Shifting Political Winds Threaten Progress on Europe’s Green Goals

Germany’s finance minister, withdrew his party’s support for a crucial agreement between the governing parties to phase out the nation’s coal-burning power plants by 2030. “Until it is clear that energy is available and affordable, we should end dreams of phasing out coal-fired power” by that year, he said.

After right-wing populists led by Giorgia Meloni came to power in Italy in fall 2022, they swiftly retracted environmental commitments made by the previous government.

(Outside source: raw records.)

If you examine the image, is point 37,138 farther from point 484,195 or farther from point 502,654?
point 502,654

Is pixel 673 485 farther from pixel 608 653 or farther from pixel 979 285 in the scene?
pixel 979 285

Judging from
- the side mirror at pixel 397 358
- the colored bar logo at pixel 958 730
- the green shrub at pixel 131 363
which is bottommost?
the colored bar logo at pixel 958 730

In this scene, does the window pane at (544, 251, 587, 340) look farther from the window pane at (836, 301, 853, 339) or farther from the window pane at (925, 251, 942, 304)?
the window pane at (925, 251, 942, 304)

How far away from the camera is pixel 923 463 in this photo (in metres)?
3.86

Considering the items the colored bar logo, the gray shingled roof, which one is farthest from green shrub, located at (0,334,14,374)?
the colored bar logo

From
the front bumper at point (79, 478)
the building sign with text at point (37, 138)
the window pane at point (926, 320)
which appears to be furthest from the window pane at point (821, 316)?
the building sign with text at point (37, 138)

Funds originally destined for the transition to a greener economy have been redirected “to make Italy a gas hub”.

The new government in Stockholm cut funding for climate measures and reduced taxes on petrol in one of its first acts.

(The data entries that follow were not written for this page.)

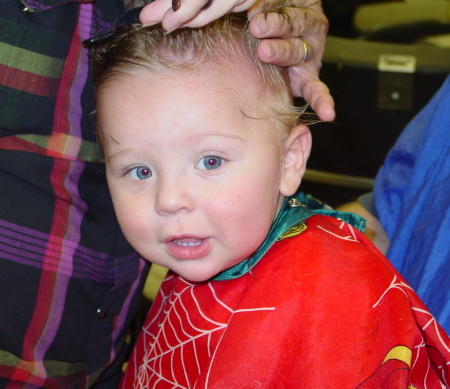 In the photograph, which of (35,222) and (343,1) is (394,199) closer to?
(35,222)

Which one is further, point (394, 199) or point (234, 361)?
point (394, 199)

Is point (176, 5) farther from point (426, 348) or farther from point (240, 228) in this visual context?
point (426, 348)

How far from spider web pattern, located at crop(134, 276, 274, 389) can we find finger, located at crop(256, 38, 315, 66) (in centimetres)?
44

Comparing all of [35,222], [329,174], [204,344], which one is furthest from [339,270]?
[329,174]

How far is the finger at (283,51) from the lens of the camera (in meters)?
0.93

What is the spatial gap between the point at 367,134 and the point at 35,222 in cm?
141

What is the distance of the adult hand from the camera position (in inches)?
32.1

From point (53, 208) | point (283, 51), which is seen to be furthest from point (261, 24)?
Result: point (53, 208)

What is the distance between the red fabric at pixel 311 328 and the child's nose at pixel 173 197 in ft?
0.71

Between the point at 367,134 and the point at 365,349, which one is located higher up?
the point at 365,349

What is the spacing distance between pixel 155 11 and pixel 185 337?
594mm

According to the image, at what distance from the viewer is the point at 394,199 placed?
4.39 ft

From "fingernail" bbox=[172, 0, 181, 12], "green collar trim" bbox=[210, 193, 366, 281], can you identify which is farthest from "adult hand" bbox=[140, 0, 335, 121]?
"green collar trim" bbox=[210, 193, 366, 281]

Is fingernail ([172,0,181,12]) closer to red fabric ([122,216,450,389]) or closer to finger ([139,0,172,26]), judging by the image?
finger ([139,0,172,26]) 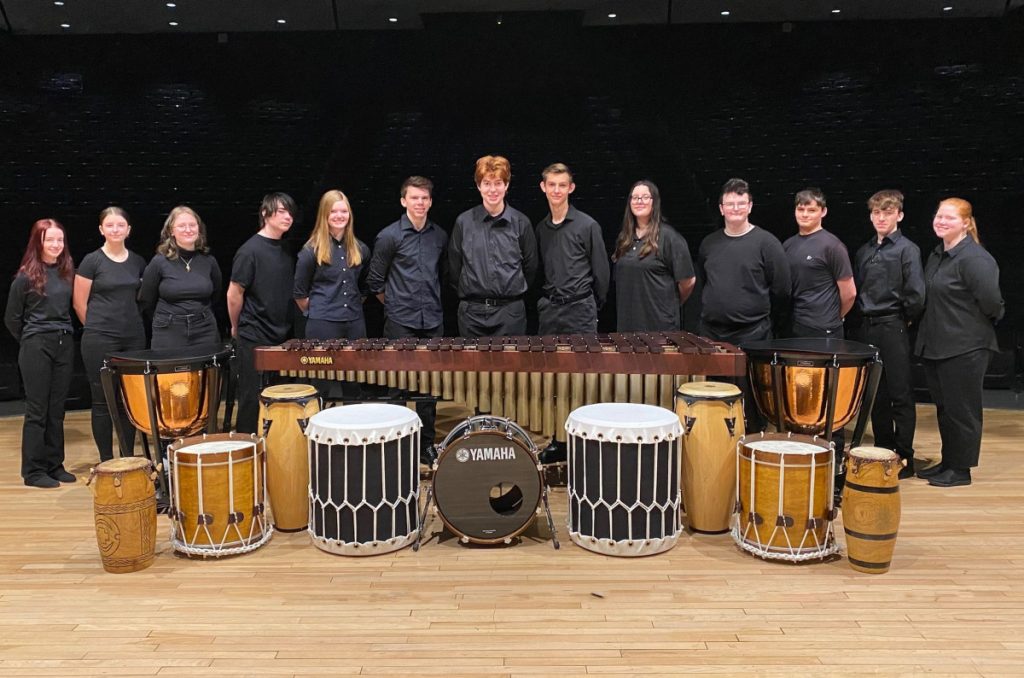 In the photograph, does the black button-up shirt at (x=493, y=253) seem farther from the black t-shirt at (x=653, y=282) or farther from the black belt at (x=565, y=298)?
the black t-shirt at (x=653, y=282)

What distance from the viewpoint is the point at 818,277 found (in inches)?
186

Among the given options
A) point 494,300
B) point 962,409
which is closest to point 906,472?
point 962,409

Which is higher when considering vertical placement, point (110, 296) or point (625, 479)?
point (110, 296)

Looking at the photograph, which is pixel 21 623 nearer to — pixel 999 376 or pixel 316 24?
pixel 316 24

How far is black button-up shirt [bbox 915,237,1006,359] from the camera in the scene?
14.0 feet

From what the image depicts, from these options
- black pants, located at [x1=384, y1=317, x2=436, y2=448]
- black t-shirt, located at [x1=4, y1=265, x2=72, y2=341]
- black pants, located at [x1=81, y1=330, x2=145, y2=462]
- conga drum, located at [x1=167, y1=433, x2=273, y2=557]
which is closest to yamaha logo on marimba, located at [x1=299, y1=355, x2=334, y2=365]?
conga drum, located at [x1=167, y1=433, x2=273, y2=557]

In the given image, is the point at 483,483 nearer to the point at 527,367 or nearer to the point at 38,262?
the point at 527,367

In Finland, the newly elected right-wing government cut taxes meant to further reduce CO2 emissions, stopped projects that would have improved the capacity of Finland’s extensive bogs to sequester carbon, and has failed to take steps to protect old-growth forests from logging for energy production.

The backlash in many EU countries mirrors developments in the U.K., where the conservative government of Prime Minister Rishi Sunak is reversing climate-friendly policies and planning to “max out” oil production.

Meanwhile, biodiversity in Europe continues to dwindle. Populations of formerly common birds inhabiting farmland have shrunk by more than one-third since 1990. Protected areas of land and sea cover far less than the 30% target, and a new study has just revealed that nearly one-fifth of all European plant and animal species are threatened by regional extinction, a much higher share than recent Intergovernmental Platform on Biodiversity and Ecosystem Services assumptions.